Quando apontado o volume de leite produzido por hectare/ano, deve-se levar em consideração toda a área utilizada para a produção de forragens que suporta essa produção, seja como pastagens ou seja como forragens conservadas (silagens, fenos ou pré-secados). Na Figura 3 são apresentadas as necessidades de alimentos, forragens e concentrados por hectare/ano, de acordo com o número de vacas/ha relacionado à produção de leite por vaca.

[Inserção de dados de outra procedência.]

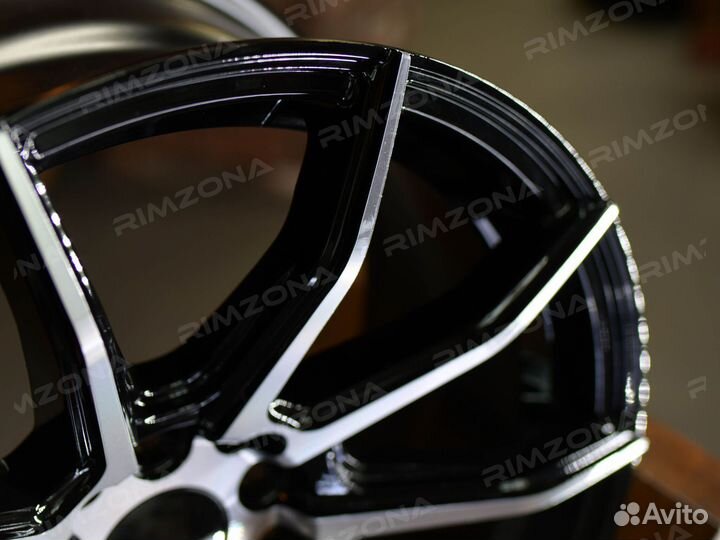 Литые диски Shogun R18 для Mitsubishi. Арт1397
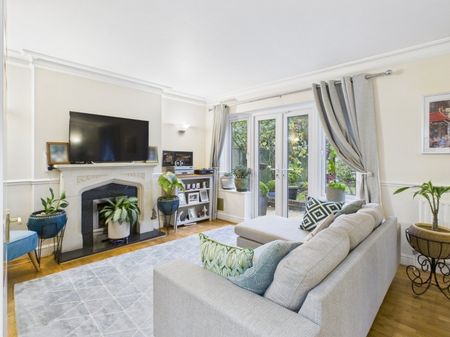 Rockingham Place, Beaconsfield,HP9 - Photo 2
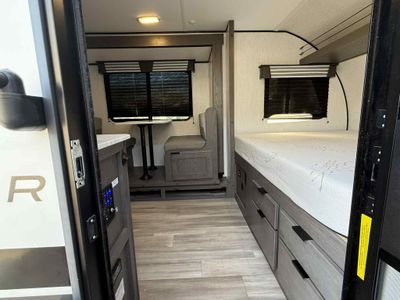 2022 Heartland Mallard Pathfinder - Photo 12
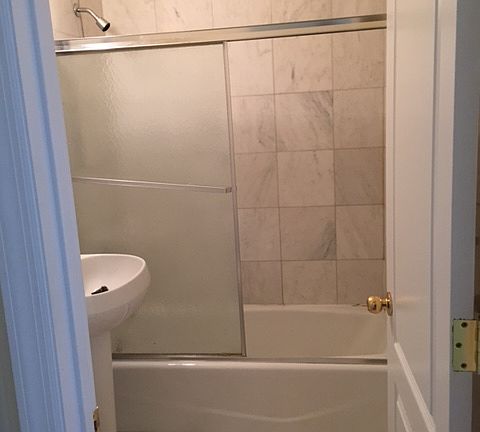 5th image of 61 W 106th St APT 5C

O cálculo teórico apresentado na Figura 3, a partir das equações de consumo de matéria seca de forragens e das necessidades nutricionais da vaca em lactação (NRC, 2001), demonstra que um sistema produtivo planejado com o objetivo de atingir 18 mil litros de leite por ha, utilizando-se de vacas de 600kg de peso vivo, com 2,1 vacas/ha e com produção de 8.400 litros de leite/vaca/ano, necessitará de uma oferta de forragens 8,5% a menos do que um sistema com 3,3 vacas/ha, 400kg peso médio e produção de 5.500 L/vaca/ano. Entretanto, necessitará de um maior aporte de ração concentrada, na ordem de 41%.

O uso da suplementação com concentrados se constitui numa ferramenta importante visando ao aumento da produtividade das vacas. Entretanto, economicamente, a suplementação deve aumentar o retorno sobre os custos de alimentação, ou seja, os investimentos feitos na suplementação com concentrados, visando aumentar a produção e produtividade, têm que resultar efetivamente no aumento da margem líquida por hectare.

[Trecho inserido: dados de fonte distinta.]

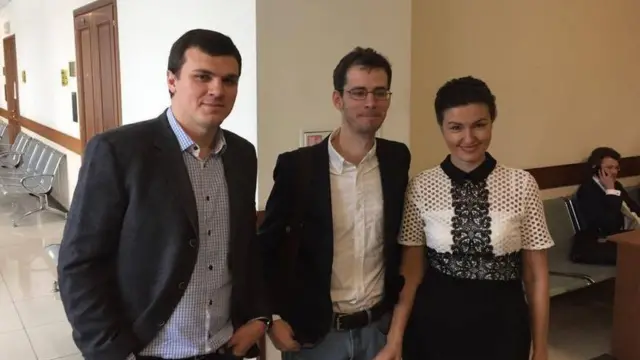 журналисты РБК Максим Товкайло, Тимофей Дзядко и Людмила Подобедова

Historicamente em Santa Catarina a relação entre o preço de 1,0kg de ração concentrada e 1,0kg de matéria seca (MS) de pasto é na ordem de 1: 20, ou seja, o custo de 1,0kg de concentrado é 20 vezes superior ao custo de 1,0kg de MS de pasto produzido. Quando projetados estes custos, a partir do custo do quilo de matéria seca de pasto (0,05 R$/kg) com o custo da ração concentrada (1,0R$/kg), observa-se que o custo médio da alimentação por litro de leite em média é 25% superior nas vacas com peso de 600kg e produção média de 8.400L/vaca/ano em relação às vacas com peso médio de 400kg e produção média de 5.500L/vaca/ano.

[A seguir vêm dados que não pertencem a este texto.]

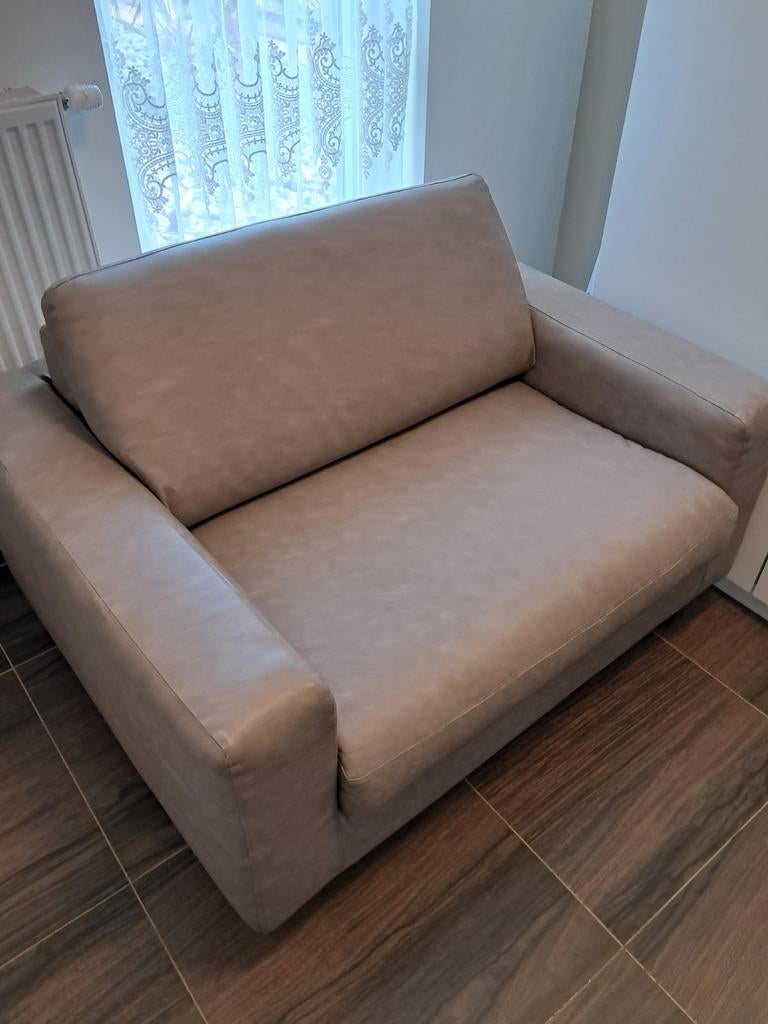 Van zetel tot bed., Ophalen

Para contabilização dos custos com alimentação no planejamento e manejo do sistema devemos considerar que numa propriedade leiteira o rebanho não é constituído apenas por vacas, mas também por outras categorias animais como novilhas e terneiras, que, da mesma forma que as vacas, necessitam de alimentação para o seu desenvolvimento. No planejamento do sistema é importante considerar estas categorias, em número e em representatividade relacionado ao peso vivo presente no rebanho, sendo possível transformar em número de Unidade Animal (UA = 450kg de peso vivo) cálculo que será visto posteriormente. Num rebanho com estrutura produtiva normal, as vacas representam em torno de 65% das UA presentes no rebanho.

Para fins de exemplificação e análise da importância do potencial produtivo das forrageiras no planejamento dos sistemas e nas estimativas de oferta forrageira por Unidade Animal adotam-se os seguintes parâmetros: uma estimativa de consumo médio durante o seu ciclo produtivo na ordem de 2,75% do peso vivo em matéria seca de pasto, com uma oferta de pasto 30% superior às estimativas de consumo; ou seja, para cada Unidade Animal, uma estimativa de oferta de 16,0kg MS/dia, correspondendo a 5.840kg MS/ano. A partir desta informação é possível relacionar o número de UA por ha com as necessidades de produção de matéria seca por área (Figura 4).

Em relação à produtividade por área, um dos principais parâmetros que determinam o potencial produtivo de um sistema relaciona-se ao potencial produtivo das pastagens e sua capacidade de suporte. A escolha de pastagens com alto potencial produtivo e valor nutritivo é fator produtivo fundamental para determinar a capacidade produtiva do sistema.

A partir da Figura 4 é possível estabelecer que sistemas produtivos eficientes e produtivos se estabeleçam a partir de uma capacidade de suporte mínima de 3,0UA/ha, necessitando de uma produtividade mínima de 17.000kg MS de forragem. E que, caso o objetivo seja planejar um sistema produtivo com taxa de lotação média de 5,0UA/ha (2.250kg Peso Vivo/ha), com adequada oferta de pasto, há a necessidade de se estabelecer um conjunto de pastagens com potencial produtivo de 28.000kg MS/ha/ ano.